Activity — What is needed is an exact repeat of the lines from the one holding "Image similar to" through the final line of the data, with no pictures.

Source data —

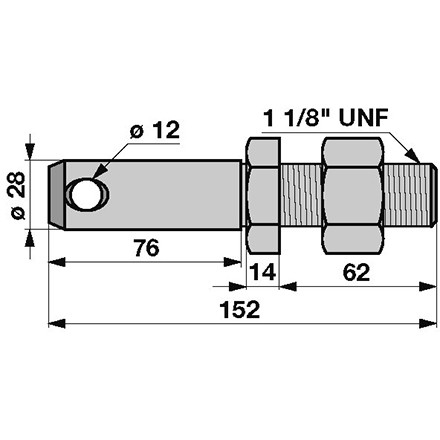 Unterlenker-Verstellbolzen Kat 2 mit Zoll-Gewinde 1 1/8 Zoll UNF Durchmesser 28mm in Top Qualität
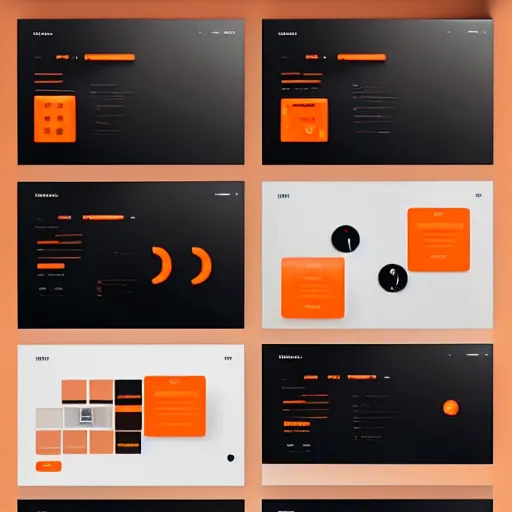 Image similar to modern UI/UX icons for an artistic website, black and orange colour palette, layout design, template sheet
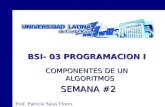 1 BSI- 03 PROGRAMACION I COMPONENTES DE UN ALGORITMOS SEMANA #2 SEMANA #2 Prof. Patricia Salas Flores.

Solution to the problem —
 Image similar to modern UI/UX icons for an artistic website, black and orange colour palette, layout design, template sheet
 1 BSI- 03 PROGRAMACION I COMPONENTES DE UN ALGORITMOS SEMANA #2 SEMANA #2 Prof. Patricia Salas Flores.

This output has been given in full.